地方の小規模な神社として長らく存続してきた伴林氏神社が、一躍脚光を浴びるのが戦前昭和の時代。軍事氏族であった大伴氏の神社であったということもあり、軍国主義的な風潮にうまくマッチしたためか、神社の敷地は拡張し、「西の靖国神社」と称される規模になったとのこと。この本殿も1940年の建物です。
戦後は1940年当時に比べると敷地は小さくなったようですが、それでも広々とした境内は往時の面影を感じることができます。(ちなみに「日本歴史地名大系」では、林氏がこの神社の奉斎氏族とするのが妥当との見解が記載されており、大伴氏との関わりについては否定的な記述になっています。この周囲の地名は古くから林であり、「日本三大実録」などにも林氏との関わりが記載されているとのこと。近代以降に大伴氏の方が前面に押し出されたということも、なんとなくありそうな話です。山川の歴史散歩シリーズに掲載されていないのも、このような背景があってのことなのかもしれません。)
敷地内にあった大伴家持の歌碑。
裏側。
「万葉集」出典のこの詩は、信時潔が作曲した戦前の音楽「海ゆかば」の歌詞として有名です。2016年(平成28年)とのことなので、ごく最近に作られた碑のようです。
大伴家持の顔出しパネル。
海ゆかばの物々しい碑に比べて、こちらは和みます 笑。
境内にあった桜。
桜は終わりかけの時期でした。満開のであれば綺麗な写真が撮れたと思います。
だんじりが収納されていると思われる倉庫。
これを見ると大阪南部に来たなという気がしてきます。
国旗制定記念と書かれた石も。
1999年の国旗国歌法の制定に合わせて作られたのかな。
ふと見ると「株式会社ニチイ」の文字が。
ニチイはかつて近畿地方を中心にスーパーマーケットを出店していた会社です。現在はなくなってしまったスーパーですが、神社敷地内に名前が残っていて懐かしいです。
2022年3月19日付けの読売新聞の切り抜きが掲示されていました。
伴林氏神社の本殿が登録有形文化財になる見通しとのこと。記事によると「西の靖国神社」と呼ばれた歴史的背景も評価されたとのことです。どちらかと言えば近代遺産のような形での答申なのかもしれません。
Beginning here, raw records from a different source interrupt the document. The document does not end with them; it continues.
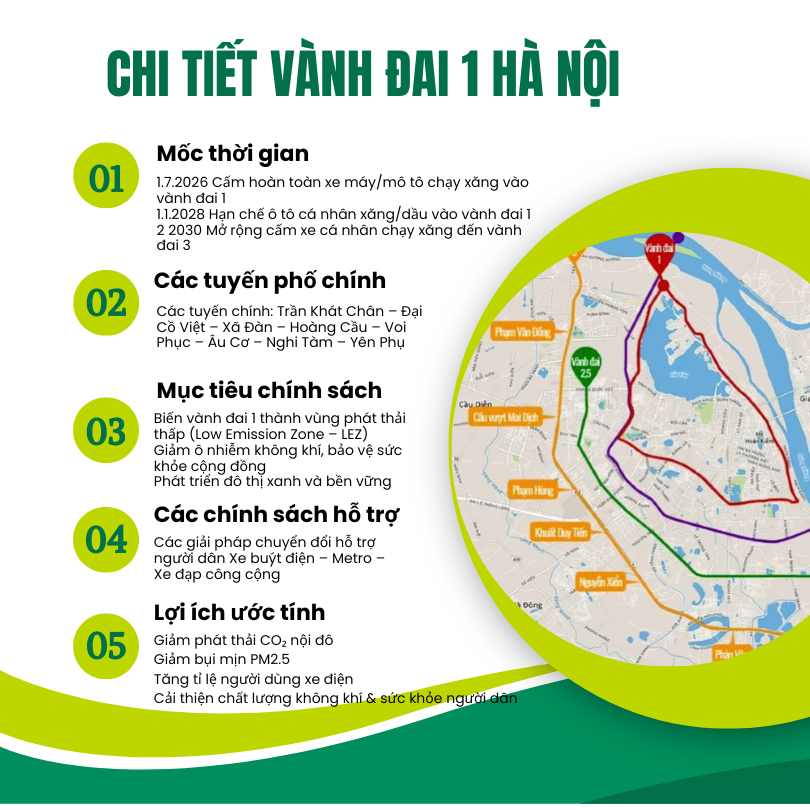 Làn sóng bán xe xăng cũ và mua xe điện đang “chóng mặt” tại Hà Nội trước giờ G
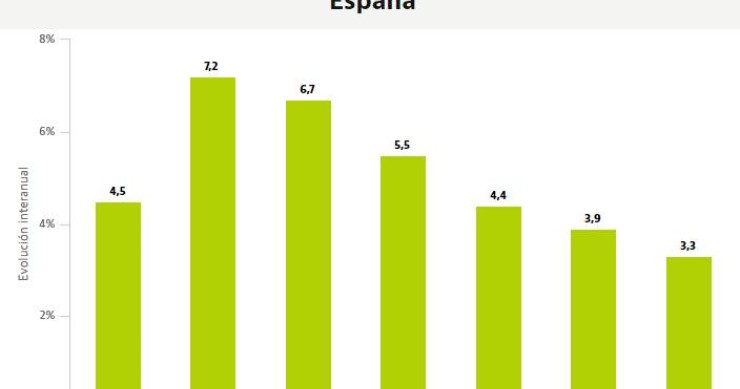 S&P: La subida del precio de la vivienda se reducirá a la mitad en menos de un lustro
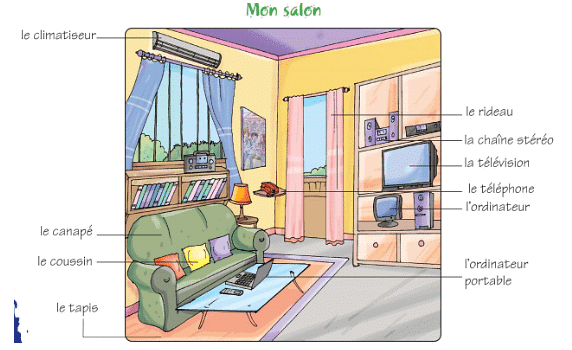 Ma maison (My House) Chapter Notes | French for Class 6
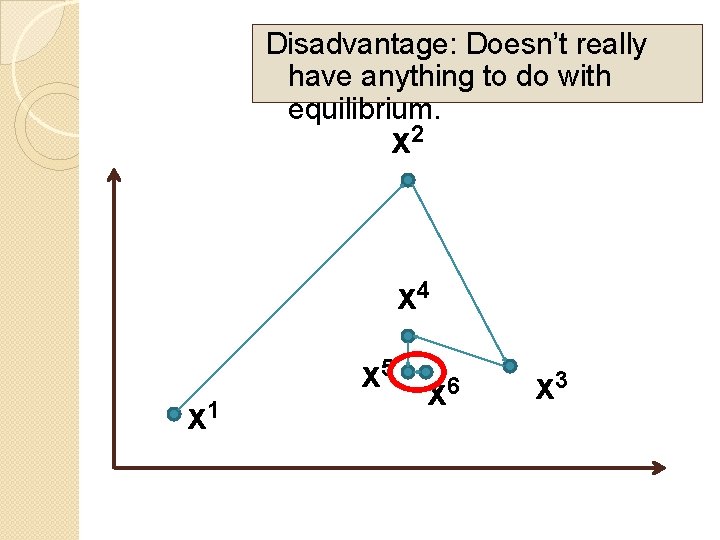 Disadvantage: Doesn’t really have anything to do with equilibrium. x 2 x 4 x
さて、伴林氏神社の西には允恭天皇(いんぎょうてんのう)陵に比定されると言われる、恵我長野北陵があります。
この地域は古市古墳群の古墳たちがたくさんあります。歩けば巨大な古墳にあたる、それが大阪南部。
恒例の宮内庁の物々しい看板。
こちらが允恭天皇陵。
允恭天皇は5世紀ごろの天皇で、仁徳天皇の息子にあたり、倭の五王では「済」に比定される天皇です。
菜の花が綺麗に咲いており、良い雰囲気です。
猫ちゃんがいました。
土師ノ里駅にあった謎のポスター。
観光難易度A級シティ、フジイデラ。
魅力がないのではなく、難しすぎるだけなのだという説がとられています 笑。どの地域も観光誘致に必死ですが、自虐的な笑いに転化されているのも大阪南部っぽい?笑
(2)大津神社とその周辺
続いては羽曳野市の神社です。
大津神社は近鉄高鷲駅の南側にある小規模な神社。訪問は今年のお正月です。今年は初詣がこちらの神社でした。
鳥居の様子。
本殿。
かつて河内国には渡来人が多く住んでおり、この大津神社周辺にも百済から渡来したと言われる王辰爾(おうしんに)の一族がいたのだそうです。この一族の一部が後に津氏となり、この津氏を祀った神社がこの大津神社ではないかと言われています。
この周囲には長らく北宮村と南宮村(合わせて宮村)という村があり、北宮村がこの大津神社を管理していたようです。神仏習合以降は牛頭天王を祀っていたようで、「日本歴史地名大系」にも牛頭天王社の名が見られます。ちなみに現在は北宮・南宮という地名はなくなり、周囲は高鷲という地名になっています。おそらく高鷲の名は、この北にある雄略天皇陵に比定されている丹比高鷲原陵から取られたものと思われます。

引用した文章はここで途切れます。